Les débats de tendances connaissent à la fin de la décennie 1970 une nouvelle acuité. Les confrontations sont sévères avec les secrétaires généraux du SNI de la FEN. Sans agressivité verbale, Alfred Sorel argumente de façon personnelle et persuasive en faveur de l’unité d’action syndicale contre la politique gouvernementale. Après le rapprochement d’UID avec le Parti socialiste en 1975, et la rupture du Programme commun de la gauche en 1977, les tensions politiques s’enveniment, d’autant que la majorité réussit à faire reculer la progression d’U-A dans le SNI. Si Alfred Sorel est réélu au BN en février 1976, sa liste en reste à 10 élus contre 19 à UID et un à EE.

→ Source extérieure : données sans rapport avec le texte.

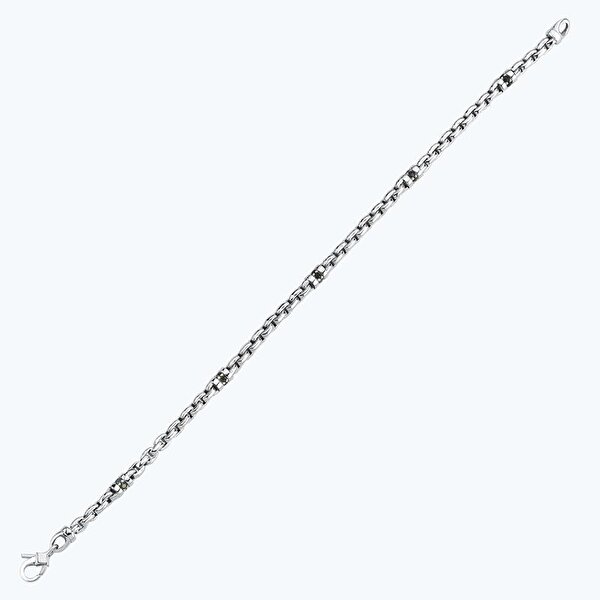 Altın Erkek Bileklik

Alfred Sorel favorise la participation des sections UA de la FEN à des actions unitaires auxquelles n’appelle pas la direction fédérale, comme la Marche sur Paris en mars 1979, ce qui aggrave encore l’accusation portée contre lui d’animer une FEN-bis. Après l’élection de François Mitterrand à la présidence de la République en mai 1981 et l’entrée de quatre ministres communistes au gouvernement, il est partisan de pratiquer un syndicalisme constructif, mais actif et vigilant. Un an après, en mai 1982, il estime qu’il ne faut « pas taire inquiétude et mécontentement ». En septembre, il indique que le « gouvernement a besoin d’un mouvement syndical fort et uni », et que la FEN ne peut accepter la baisse du pouvoir d’achat.

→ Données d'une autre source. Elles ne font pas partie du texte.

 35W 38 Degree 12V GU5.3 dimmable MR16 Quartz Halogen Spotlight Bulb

À partir du début des années 1980, Alfred Sorel commence à passer le témoin de ses responsabilités syndicales à des militants plus jeunes, en essayant d’y intégrer des femmes (Christiane Journeau, Yolande Magois, Mireille Rustin, Evelyne Mathonnière). Il laisse la conduite de la liste U-A au BN du SNI-Pegc à Joël Derrien. En revanche, il conserve jusqu’à la retraite ses mandats à la FEN. Il est réélu en 1985. Il avait cependant préparé la relève, notamment avec Michel Veylit et Raphaël Szajnfeld, qui lui succède en 1986 comme porte-parole fédéral de la tendance.

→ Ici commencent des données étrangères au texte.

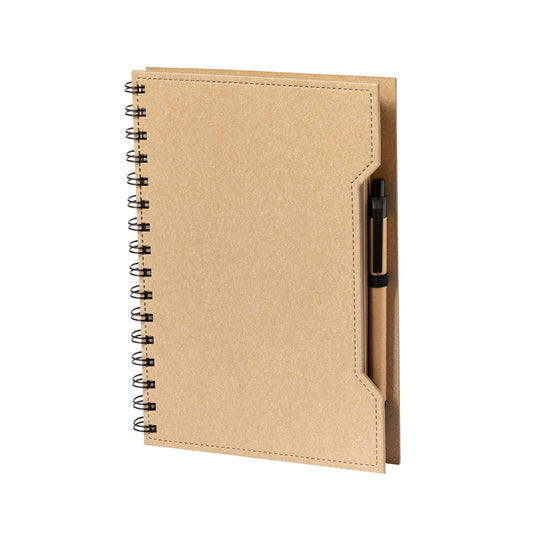 Libreta (lote de 25)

Avec son départ à la retraite, il devient rédacteur en chef de L’École et la Nation. Il redevient membre du comité de la fédération communiste du Val-d’Oise de 1987 à 1996. Élu conseiller municipal d’Argenteuil en 1977 et réélu en 1983, il devient adjoint délégué à la culture. En 1992, candidat communiste au Conseil général dans le canton d’Argenteuil, il est élu au deuxième tour dans une triangulaire contre des candidats de droite et du Front national.
Du SNI au SNUipp et de la FEN à la FSU
C’est avec beaucoup de crainte qu’il assiste à la mise en œuvre par la majorité UID du SNI-Pegc et de la FEN des tentatives de recomposition syndicale à la fin de la décennie 1980, fondée sur une conception d’un syndicalisme « de la marge », jetant publiquement aux orties la référence de la Charte d’Amiens. Si au moment de l’exclusion du SNES et du SNEP de la FEN en 1992, il se demande comment les militants UA du SNI-Pegc peuvent rester dans la FEN, il comprend vite qu’il n’y a pas d’autre issue que de fonder un autre syndicat, le SNUipp, et une autre fédération, la FSU, auxquelles il apporte son soutien.
Un syndicalisme où il retrouve tous les principes pour lesquels il s’était battu. Une orientation partagée de transformation sociale, un objectif d’unification syndicale, une démocratie interne respectueuse de tous et toutes, une « laïcité vivante fondée sur une politique qui s’attaque aux problèmes de ségrégation et d’exclusion dont sont victimes tant de jeunes. »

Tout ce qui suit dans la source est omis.